How To Do It
If you're lucky enough to only be off for a week, you can pick up training where you left off.
For most other runners, if you were out for two weeks to a month, you'll want to cut your weekly mileage to 60 percent of what you were doing.
Out for more than three months? Approach your training like you're a new runner.
Ease back into a routine. If you were sidelined by an injury, ease back into running with walks. Walking regularly will help condition your muscles and let you know if your injury is completely resolved.
Take breaks. As you start running again, keep the runs short and easy. Let yourself take walk breaks as you alternate running and walking. If you're coming back from an injury, look for grassy areas to start running again.
Increase mileage slowly. The general key to increasing mileage is no more than 10 percent per week. Keep in mind that 10 percent is just a guideline, and you can adjust the percentage as needed.

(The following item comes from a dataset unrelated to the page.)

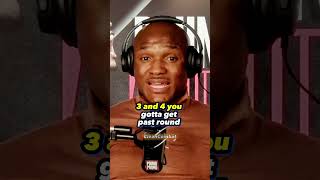 Kamaru Usman quotKhamzat Chimaev has a HELL of a SQUEEZEquot 🦾👊🩸 mma ufc chimaev [upl. by Acireed]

Pace yourself. Most likely, depending on how much time you've taken off, you won't be hitting your top pace as you come back. Avoid hills and speed work, even though you're tempted to quicken your pace. Give your body time to build back a strong base and work back to your PR pace.
Set goals. If you're not logging your runs, start doing so with your comeback. Seeing your progress over time will help you stay focused, especially after rough comeback runs. Set goals for yourself, such as a mileage goal or an upcoming race. Whatever you settle on, remember to take it slowly and listen to your body so you can make a strong comeback to the roads.